▸ **WORK INSTRUCTIONS**
Set down, word for word, each line from the top of the data through the line that has "Oreo Cookies Coated"; omit every picture.

§

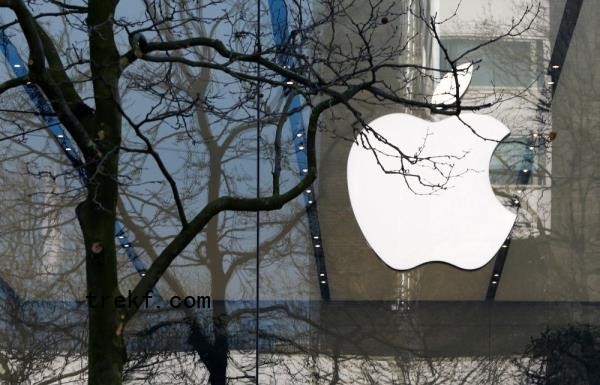 An Apple logo is seen at the entrance of an Apple Store in downtown Brussels, Belgium March 10, 2016. — Reuters pic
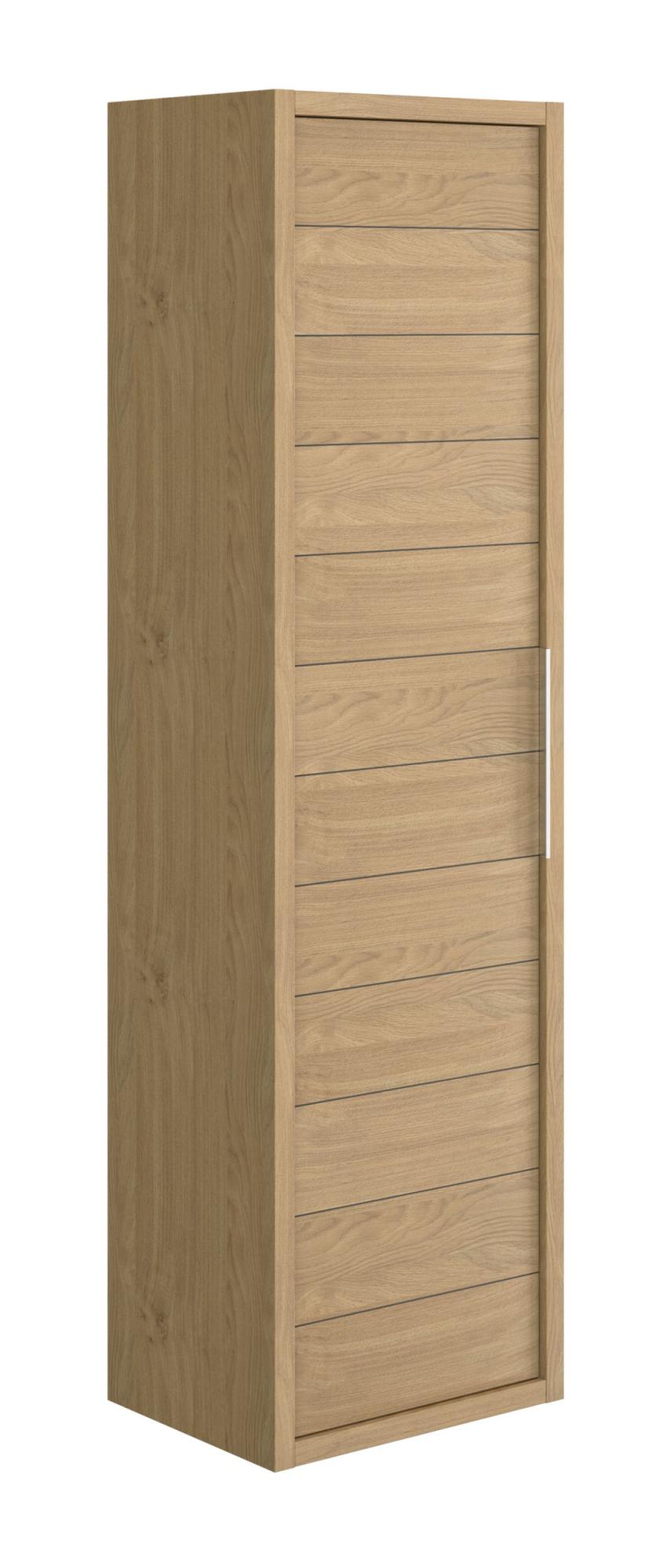 Colonne de salle de bain à suspendre SORENTO - 1 porte - couleur chêne 42,4 x 156 x 35 cm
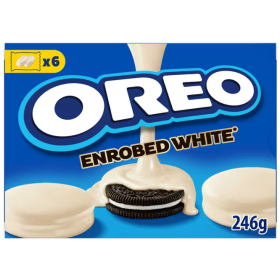 Oreo Cookies Coated  White chocolate flavor 246g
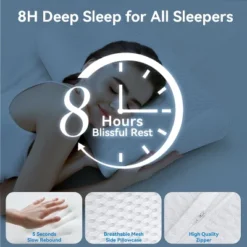 Zibroges Neck Pillow, 3-layer Memory Foam Neck Pillow For Neck Pain, Cool And Breathable, Adjustable Sandwich Pillow -Bedding Discount Store GUEST 860ffaec 20e5 4ee3 aadf 29b612990416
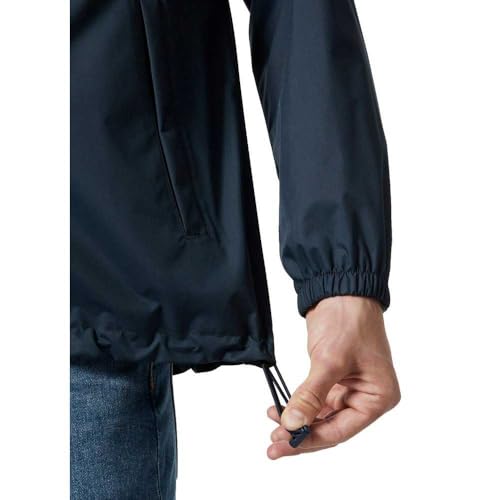 Helly-Hansen Vancouver Rain Jacket - Men's Waterproof, Breathable, Adjustable Hood, Seam-Sealed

§

▸ **RESULT**
 An Apple logo is seen at the entrance of an Apple Store in downtown Brussels, Belgium March 10, 2016. — Reuters pic
 Colonne de salle de bain à suspendre SORENTO - 1 porte - couleur chêne 42,4 x 156 x 35 cm
 Oreo Cookies Coated  White chocolate flavor 246g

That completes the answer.